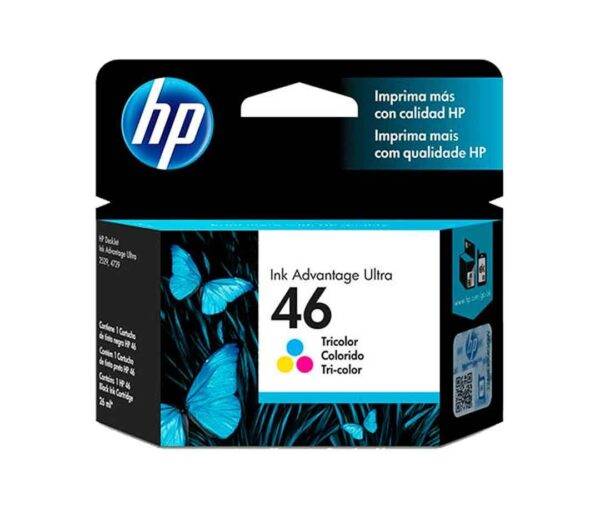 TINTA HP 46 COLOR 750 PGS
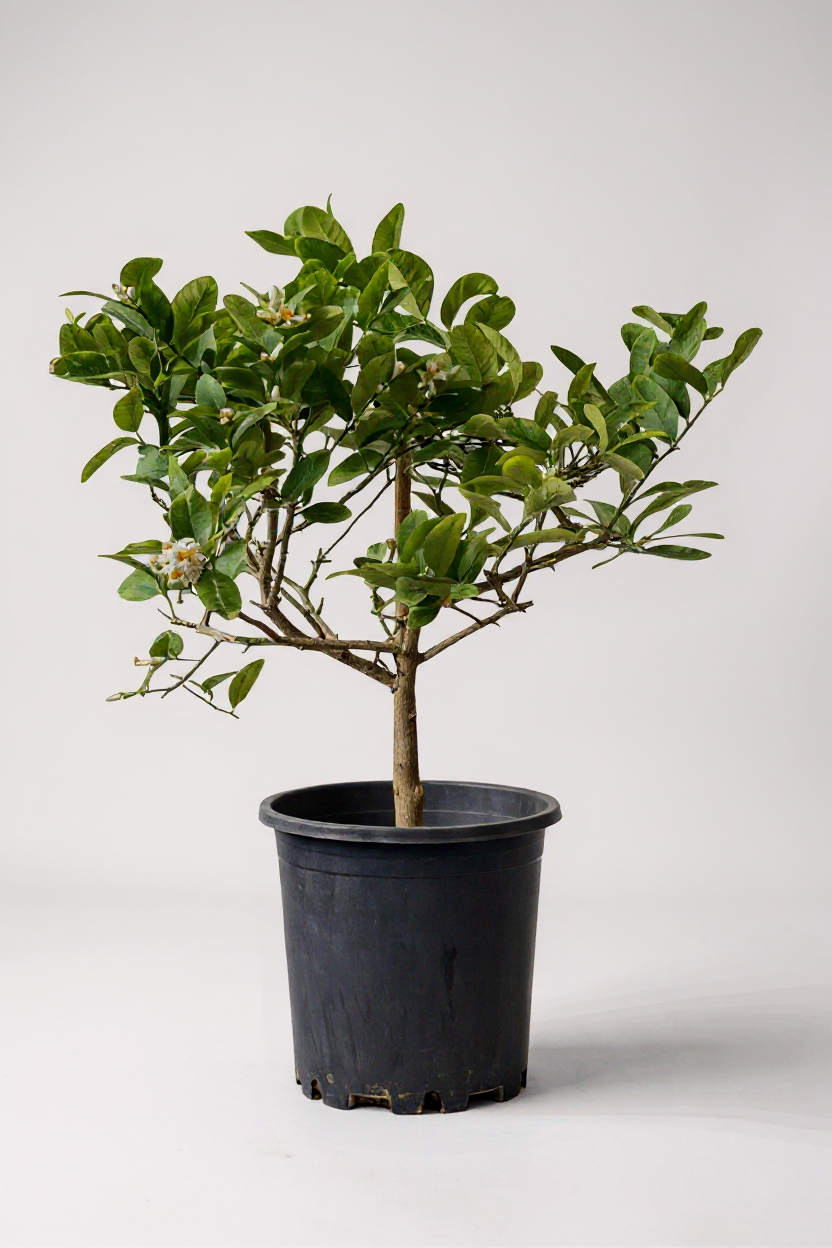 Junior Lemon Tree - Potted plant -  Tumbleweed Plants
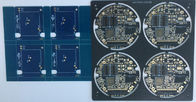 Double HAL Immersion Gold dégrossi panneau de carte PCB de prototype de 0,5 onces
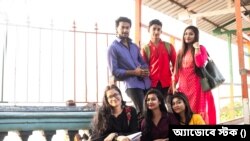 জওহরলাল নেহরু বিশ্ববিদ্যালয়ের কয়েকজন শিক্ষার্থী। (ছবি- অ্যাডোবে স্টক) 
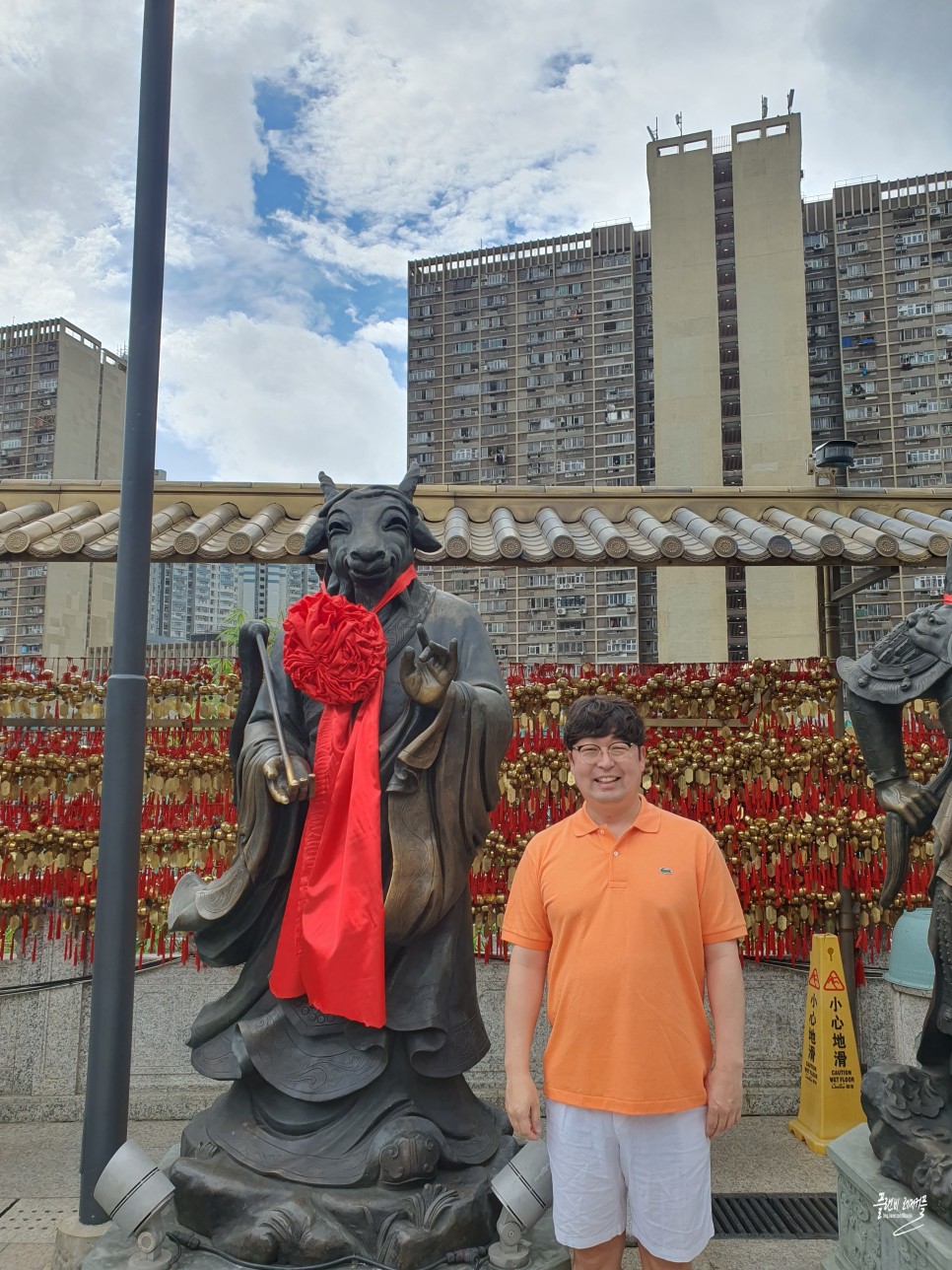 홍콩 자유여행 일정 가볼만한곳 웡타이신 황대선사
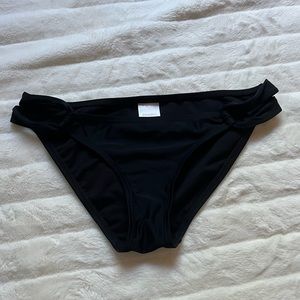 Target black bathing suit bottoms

# # #

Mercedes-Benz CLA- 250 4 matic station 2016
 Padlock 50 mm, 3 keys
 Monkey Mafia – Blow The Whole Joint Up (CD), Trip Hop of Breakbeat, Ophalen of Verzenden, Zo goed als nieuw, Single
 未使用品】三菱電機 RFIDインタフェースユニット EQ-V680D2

# # #

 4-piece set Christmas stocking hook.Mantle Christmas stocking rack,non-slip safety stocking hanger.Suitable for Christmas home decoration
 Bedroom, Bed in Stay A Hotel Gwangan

# # #

▶ **EXERCISE AIM**: What are the lines, exactly as written above, from the line with "Padlock 50 mm, 3 keys" to the line with "未使用品】三菱電機 RFIDインタフェースユニット EQ-V680D2", both included? Output only those.

▶ **EXPECTED ANSWER**:
 Padlock 50 mm, 3 keys
 Monkey Mafia – Blow The Whole Joint Up (CD), Trip Hop of Breakbeat, Ophalen of Verzenden, Zo goed als nieuw, Single
 未使用品】三菱電機 RFIDインタフェースユニット EQ-V680D2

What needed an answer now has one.